In moments of vulnerability, Fleck is saddened by the rudeness and lack of civility between people. He longs for human connection, to be treated with warmth and dignity—to be loved. Sadly, such tenderness and affection evade him, and his awkward attempts to reach out and connect with those around him result in mockery, humiliation, and rejection.


Restoration and Hope for the Rejected

In a review for Empire, Terri White commented that in the current climate Joker could be viewed as “a lament for outsiders and the ignored,” but she felt such a reading was “too simple.” It’s true that this is an origin story, a dark interpretation of how one of DC’s greatest villains came to be, and we need to be careful of justifying Fleck’s eventual homicidal madness.

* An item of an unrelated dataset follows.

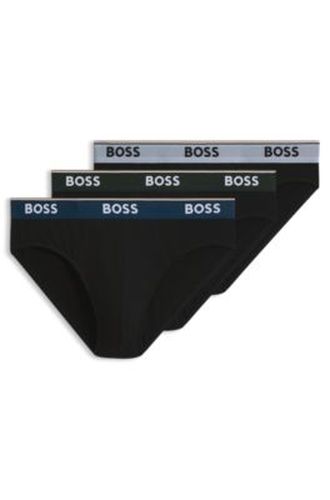 Lot de trois slips en coton stretch avec logo à la taille - Boss - Modalova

And yet I hear the plaintive lamentation for the excluded and overlooked that plays throughout Joker’s tale. I can’t help but wonder what might have happened if Arthur Fleck had received some of the love and acceptance—indeed, just the basic human respect and civility—that he longed for. Gotham city is a brutal place, and Fleck is constantly on the receiving end of its denizen’s harsh tongues, and ‘just for kicks’ beatings. He is seen as an outcast, a loser, a freak.

In Luke’s Gospel, Jesus read from the scroll of Isaiah:

The Spirit of the Lord is on me,
because he has anointed me
to proclaim good news to the poor. (Luke 4:18, NLT)

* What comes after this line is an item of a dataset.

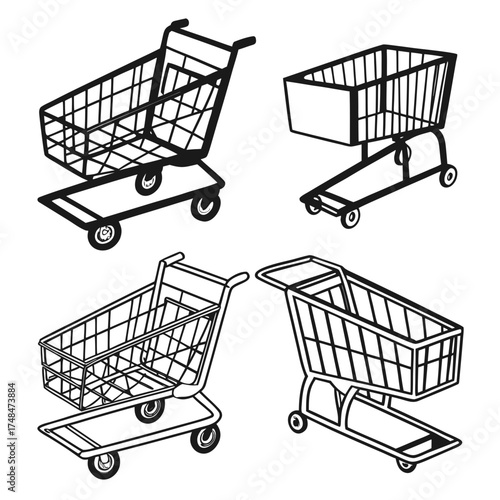 Four black shopping cart silhouettes in isometric view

In the social world of Luke’s Gospel, “poor” meant more than those who have little or no money but was a broader category that referred to those of low social status, to social ‘outsiders’ and the marginalized. Jesus came “[t]o set the burdened and battered free” (Luke 4:18, MSG), and throughout Luke’s Gospel, we see Jesus bringing restoration and reversal for the life circumstances of so many people, inviting them into the family of God to experience His love and healing power.

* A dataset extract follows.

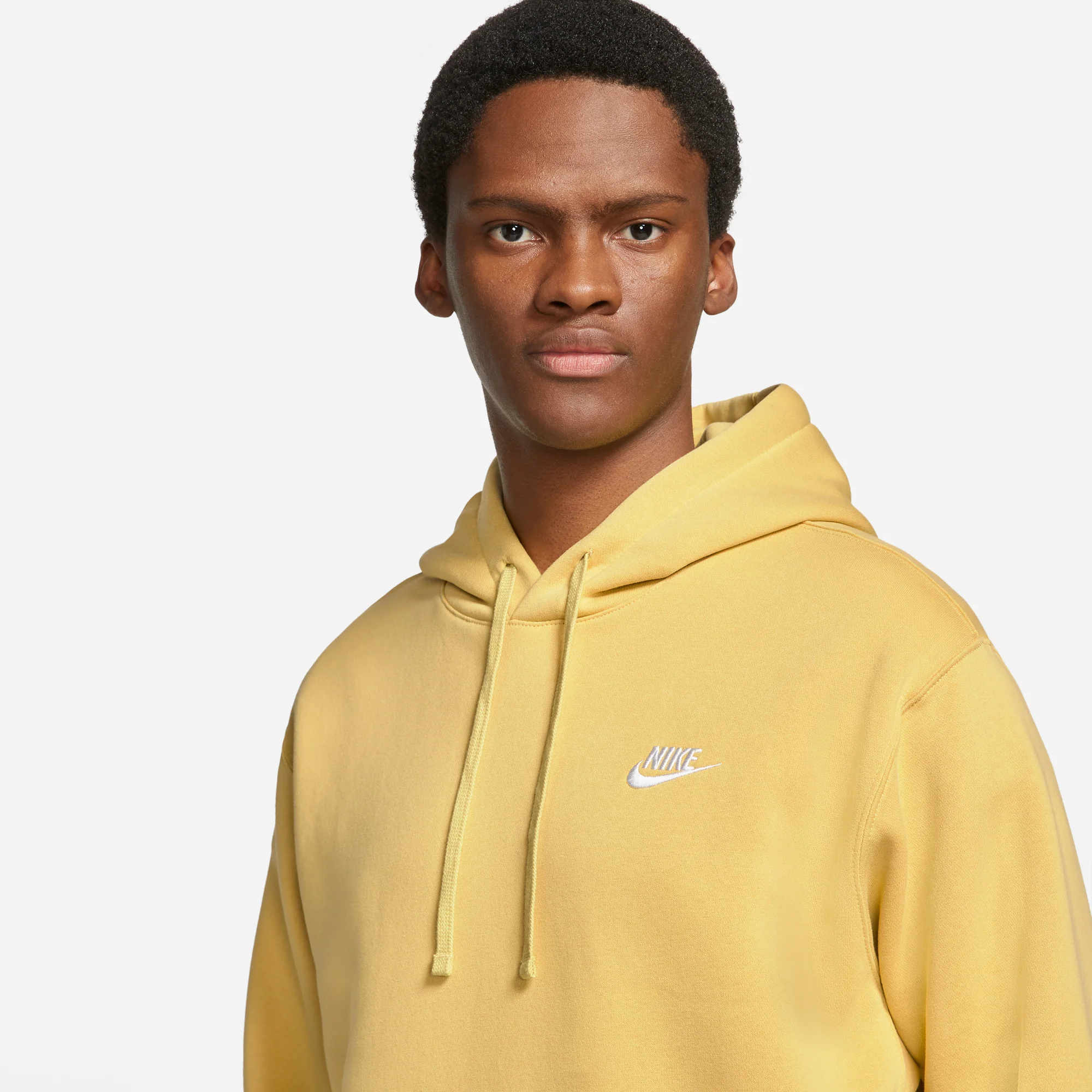 Nike Mens Sportswear Club Fleece Hoodie Saturn Gold - Image 4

Arthur Fleck’s circumstances are tragic and pitiable, and his naïve, almost child-like desire for affirmation and warmth is heartbreaking. He has suffered so much: parental rejection and a traumatic upbringing; lack of a supportive social network of friends and extended family; his mental health issues and lack of social skills; and an incessant barrage of verbal and physical abuse.

Fleck is an outsider, someone lacking status and dignity in his world, a man desperate for Good News, whose father-hunger could be assuaged by the love of the God who is  a “father to the fatherless,” and whose yearning for familial love could be fulfilled, as “God sets the lonely in families” (Psalm 68:5-6).


Do We See the Forgotten?

One of the most relatable struggles Fleck faces is the difficulty of defining himself in a complex social world that bombards him with messages of his lack of worth. At various times, Fleck’s language reveals an inner-world filled with pain and futility: “I just don’t want to feel so bad anymore.” “Nobody saw me. I didn’t even think I existed.”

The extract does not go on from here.